Homophobia is on the rise in Africa, and for his part Kenyatta only repeated that for him, gay rights was “a non-issue.”
“There are some things that we must admit we don’t share. It’s very difficult for us to impose on people that which they themselves do not accept. This is why I say for Kenyans today the issue of gay rights is really a non-issue,” Kenyatta said.
Obama arrived in Kenya late on Friday, making his first visit to the country of his father’s birth since he was elected president.
Corruption, conflict, security cooperation
Obama also had firm words for Kenya on corruption, describing it as “the single biggest impediment to Kenya growing even faster,” and saying people were being “consistently sapped by corruption at a high level and at a low level.”
Obama said there was a need for “visible prosecutions,” to show citizens action was being taken.
“They don’t have to be a forensic accountant to know what is going on,” Obama said, giving the example of officials driving around in expensive cars or building houses far above what their salaries would allow.
The two leaders also pledged greater cooperation against the Shebab, who have stepped up attacks and recruitment inside Kenya.
“We have systematically reduced the territory that Al-Shabaab controls. We have been able to decrease their effective control within Somalia and have weakened those networks operating here in East Africa. That doesn’t mean the problem is solved,” Obama said.
“We can degrade significantly the capacity of the terrorist organisations, but they can still do damage.”
The president called for an end to the 19-month-old civil war in South Sudan, urging the country’s warring leaders to “put their country first.” The conflict there is set to be high on the agenda for the next stage of his visit to Ethiopia and the African Union.

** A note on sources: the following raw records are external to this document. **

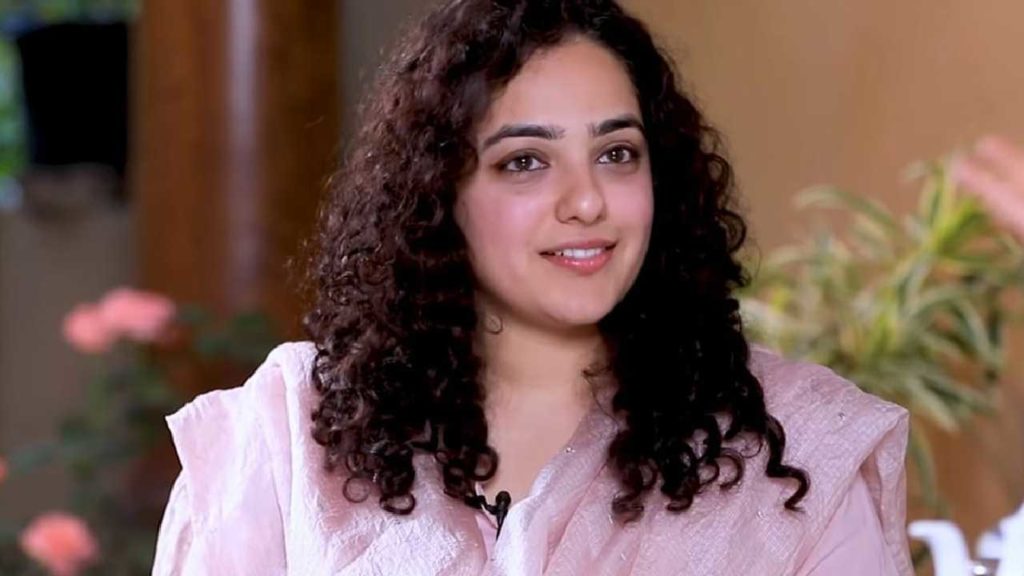 Nithya Menon fires on those who give reviews on movies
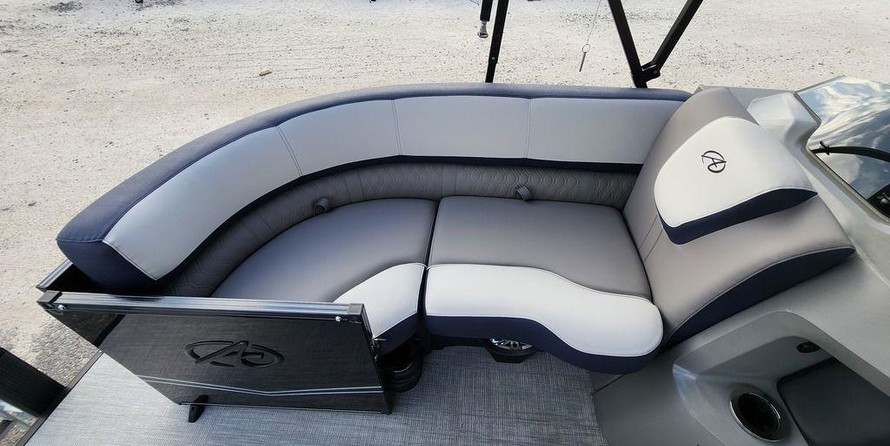 Avalon LSZ Quad Lounger 23 FT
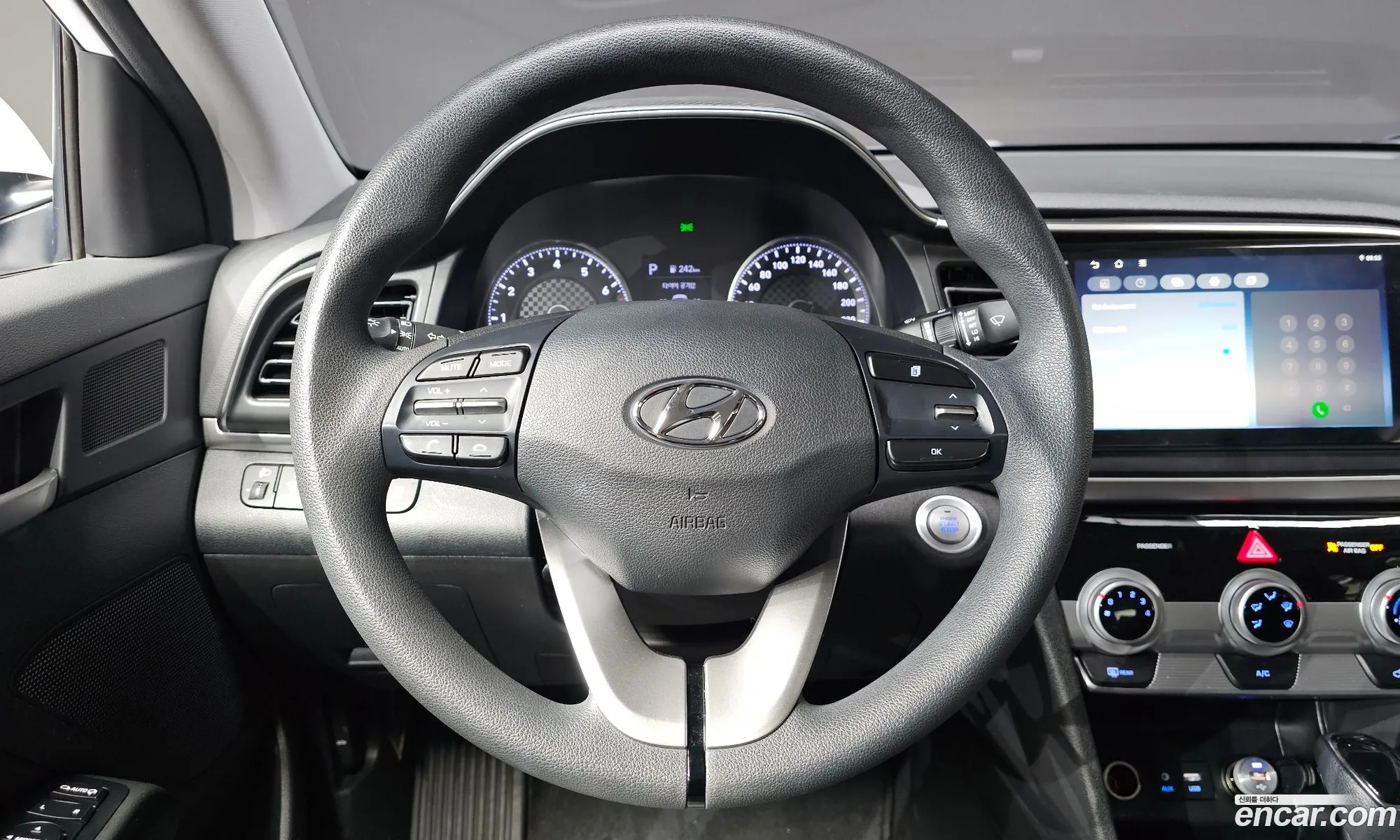 Hyundai Elantra AD 2019 — 9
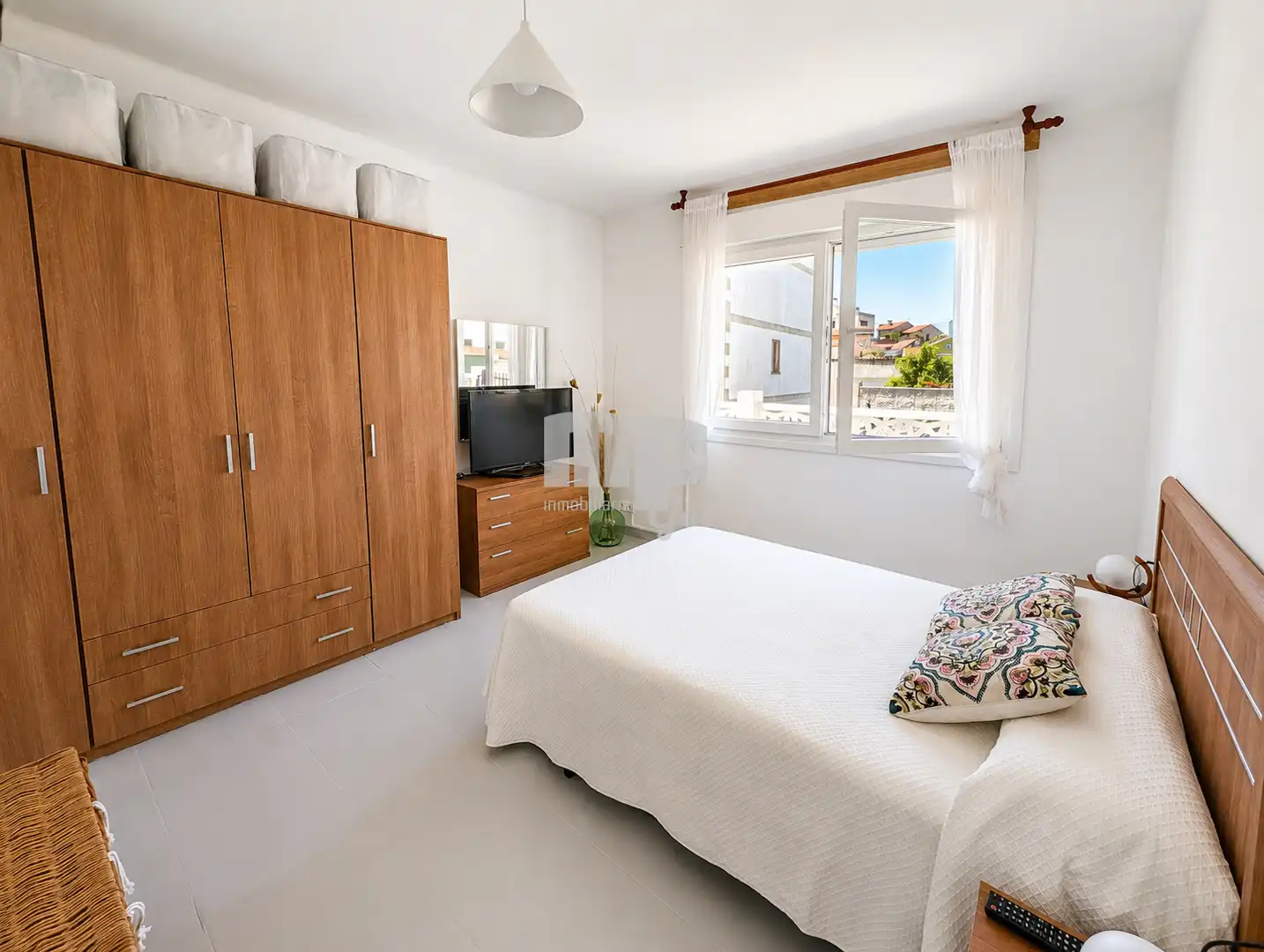 Dormitori de Casa o xalet en venda en Cangas  amb Calefacció, Jardí privat i Parquet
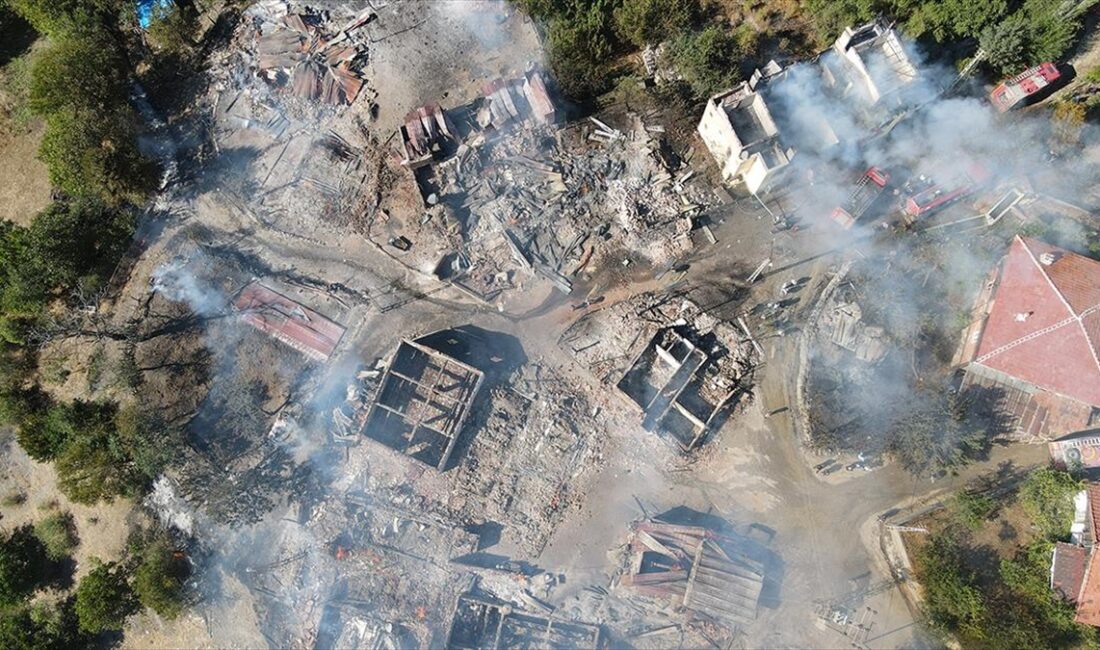Kastamonu'nun Araç ilçesinde çıkan yangın söndürülürken, 10 ev kullanılamaz hale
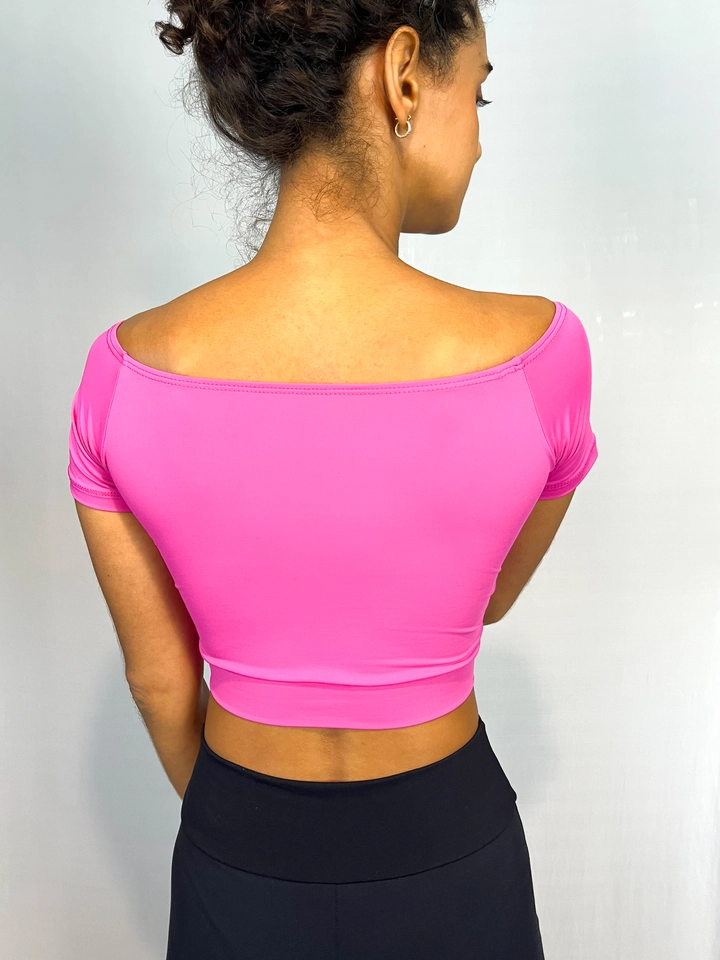 PROMO ÚLTIMAS PEÇAS - Cropped Ombro a Ombro Rosa - 4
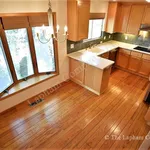 Rent 4 bedroom apartment in Oakland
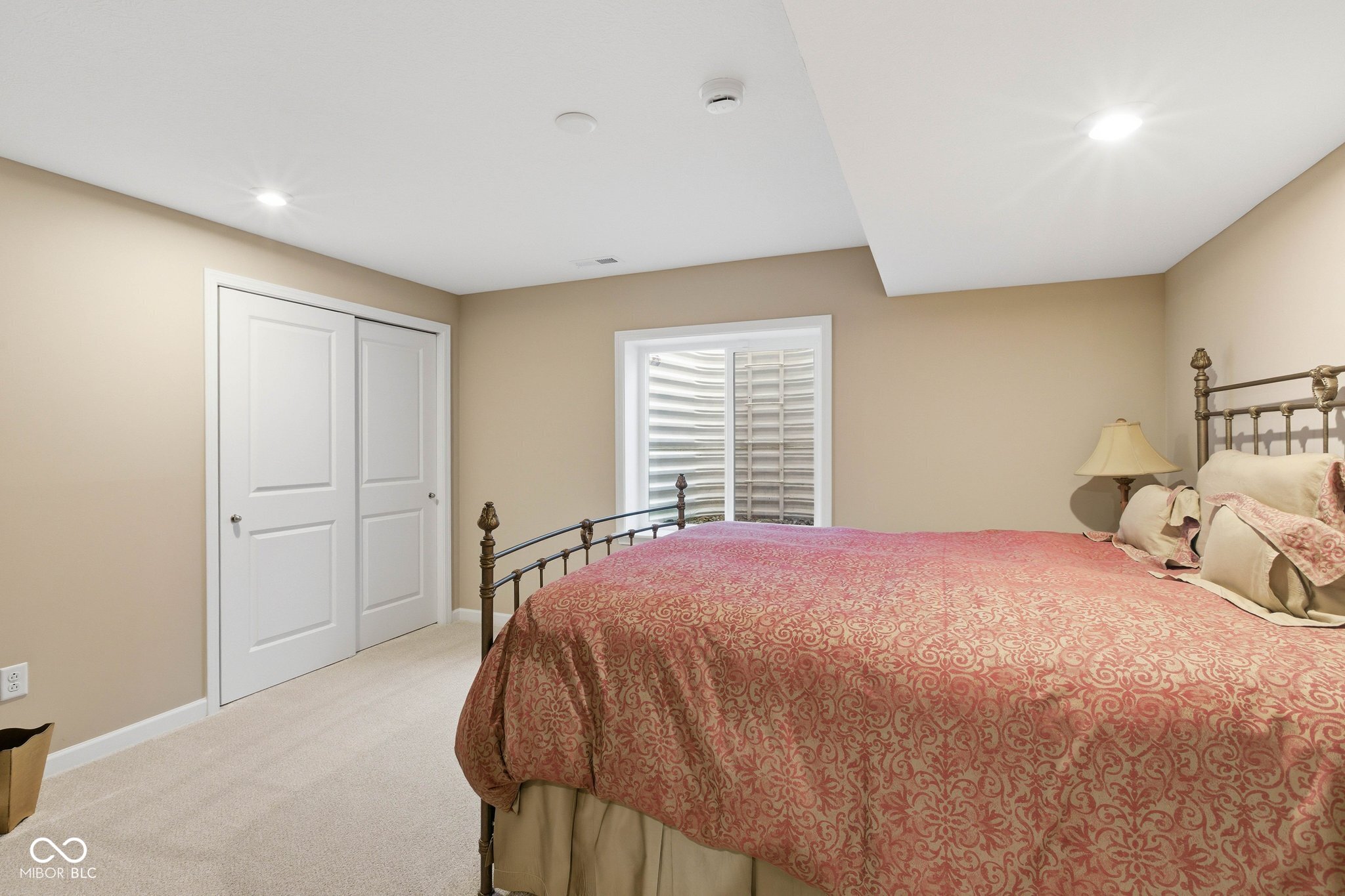 9381 Coopers Lane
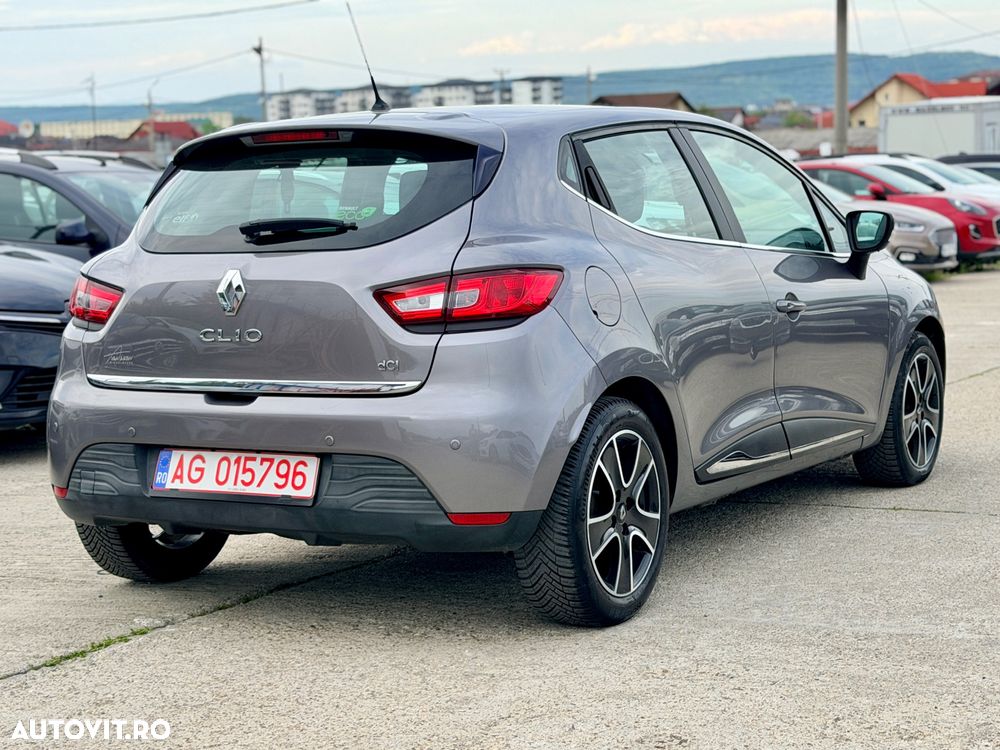 Renault Clio - 24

“The situation is dire. We agree that the best way to stop the fighting is for South Sudanese leaders to put their country first with a peace agreement that ends the fighting,” Obama said.
This week’s elections in the central African nation of Burundi, which delivered a controversial third term to President Pierre Nkurunziza, were “not credible,” Obama said.
“We also discussed Burundi, where the recent elections weren’t credible. We are calling on the government and opposition to come together in a dialogue that leads to a political solution to the crisis and avoids the loss of more innocent life,” Obama said.